Signs of a tide change beginning to sweep the industry are breaking daily in major Norwegian media. Dagbladet, the country’s second biggest paper, ran a story pointing out that catches are plummeting in the Alta, “the world’s best salmon river” as the amount of farmed salmon in the nearby Altafjord increases. The production manager of Grieg Seafood’s operations in Alta was quoted saying: “The only solution is to get the fish into closed containment”.

The following day the front page of the paper in Bergen read: “CEO of Marine Harvest prepared to invest US $100M: if everything works as planned, closed containment systems will replace open-net pen salmon farms”.

The Delegation also met with MP Frank Bakke-Jensen, from the governing party, and suggested that with the clear consensus emerging in Norway finally being acknowledged by industry, the government runs the risk of no longer providing leadership, unless they get out in front of the parade.

After meeting with Cermaq we met some Oslo friends outside, and held up banners and flags to demonstrate that wild salmon people are on the move in Norway. It was a perfect way to end our time in Oslo—because Cermaq’s offices are located at the mouth of the Akerselva River, where we’d recently seen a wild salmon spawner which had literally swum under the cobbles beneath our feet, heading up the river.

Returning to Canada informed, connected and stoked
The Wild Salmon Delegation returns to Canada better informed about the state of crisis in which the Norwegian industry finds itself due to sea lice, disease outbreaks, and genetic pollution of wild stocks. We’re connected to the wild salmon movement in Norway, and stoked to continue to advocate for protection of wild salmon. Perhaps most exciting of all is the connections which Ahousaht citizens n̓aasałuk (John Rampanen) and his son Qwyatseek wove with Sami people, who have depended not only on the reindeer herds but also the wild salmon for millennia.

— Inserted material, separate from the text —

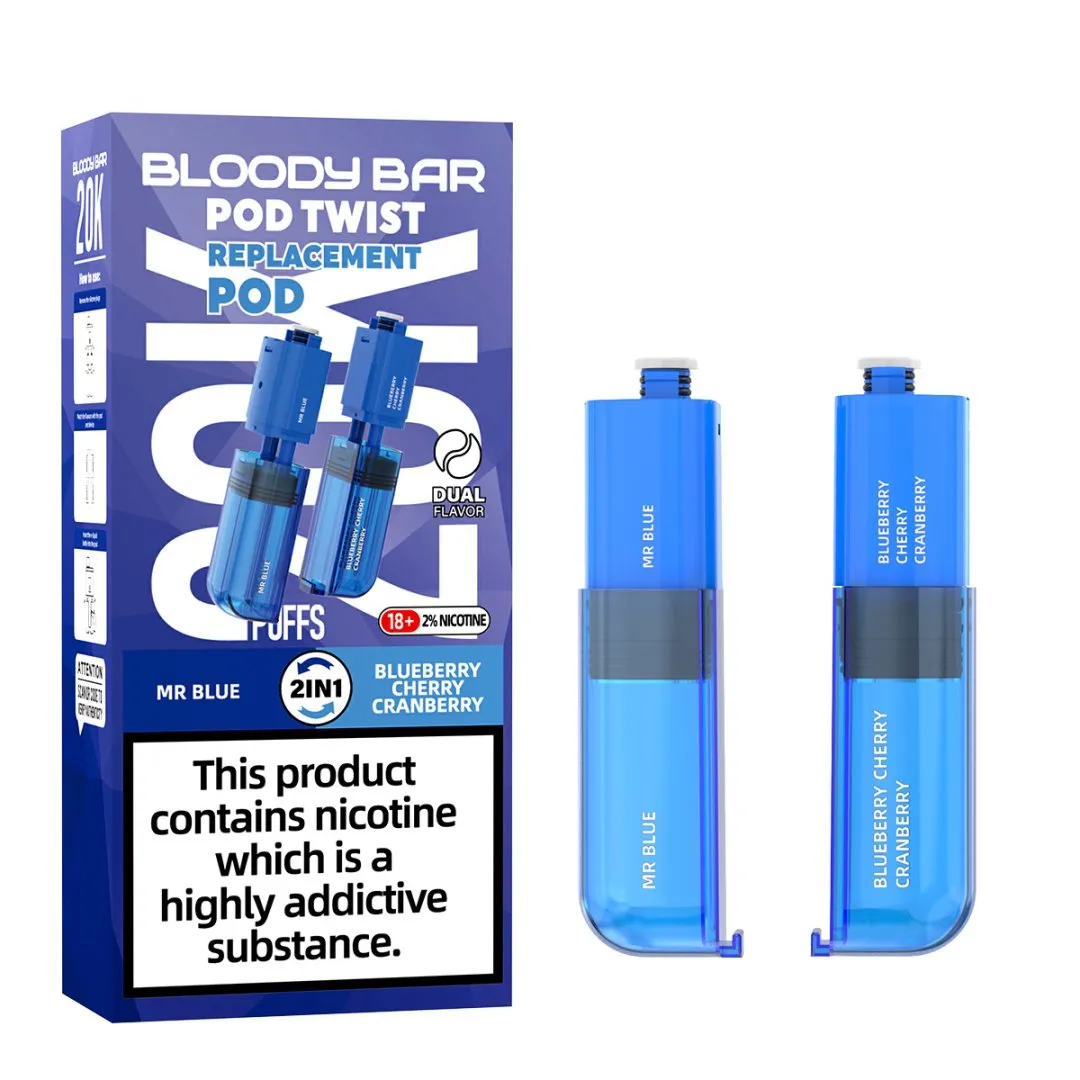 Bloody Bar Ultra Twist 20K Refill Pods | Only £7.99 | Any 3 for £21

A special thanks to Rune Jensen from Salmon Camera who helped develop the Norway ground plan; Kurt Oddekalv from Green Warriors of Norway, the Delegation host in Bergen who also facilitated the Alta action; and Sami reindeer driver Åsá Márgget Anti, who opened her heart and home, introduced us to Sami elder Tore Bongo, and took n̓aasałuk and Qwy reindeer herding in the middle of a sub-zero Arctic night. Ollu gittu, ƛeeko ƛeeko, tusen takk—a thousand thanks from the bottom of our hearts to everyone who supported the Wild Salmon Delegation to Norway—in so many ways!

Dan Lewis was in Norway with Clayoquot Action’s Wild Salmon Delegation.